I can recall one such situation several years ago in Yogyakarta during the rainy season. A motorbike rider had misjudged a bend and on the wet road surface went sliding down the road tearing bits off his body.
By the time I arrived at the scene hoping to assist in some way, there were all these ghoulish Indonesians just standing there staring at the blood and the poor guy's open wounds.
No one had called an ambulance or the police.
And the same thing is happening now at Pangandaran. It was the curious who came with their cameras to peer at a very different sight. What remained from Monday's tsunami. The once popular stretch of beach was now strewn with debris, the area usually crowded with families deserted except for onlookers whose villages were spared the pounding of the waves.
In a news source update it was Cipatujah along with Cimerak, Cimanuk, Legok Jawa, Cidadap and Bulak Benda that bore the brunt of the surging waves that descended on the south-western coastline.

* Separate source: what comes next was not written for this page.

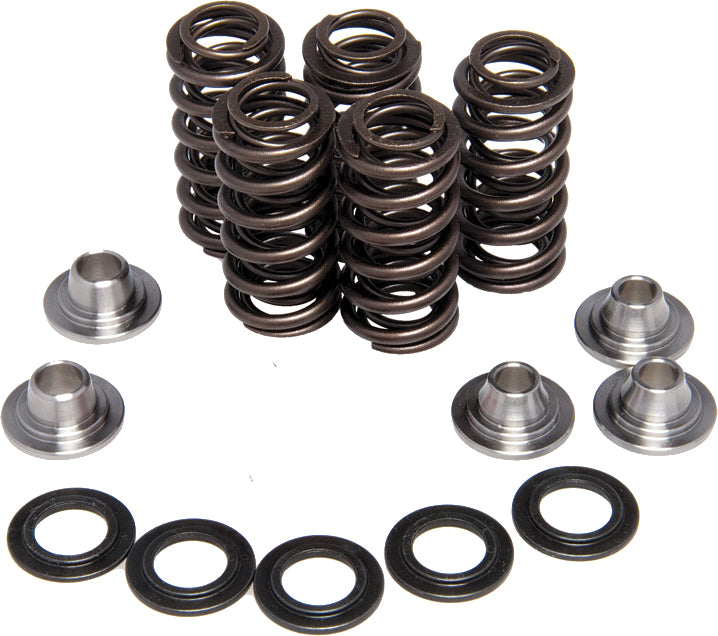 KPMI Racing Valve Spring KIT (30-31600)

Clumps of flotsam and jetsam litter the area, poignant reminders of lives washed away in a few moments of natural destruction. Toys can be seen at every turn, mattresses and other everyday items lie drying under the bright blue sky.
However unlike in easily accessible well-known Pangandaran where volunteers and aid quickly poured in these smaller communities have received little help. One or two ambulances have stopped by to patch the wounds of the injured and several vehicles bearing flags of political parties have passed by.
Ciparanti villagers in Cimerak regency said they only received a few blankets, three boxes of instant noodles, 100 kilograms of rice and several boxes of mineral water.
Fortunately, there were no fatalities in Ciparanti, an hour's drive to the west of Pangandaran, but 14 houses were damaged including 10 on the shoreline that were destroyed.
Residents remain traumatized by Monday's event and most are living in a few makeshift tents on a nearby hill. Some others are staying with relatives in neighbouring villages.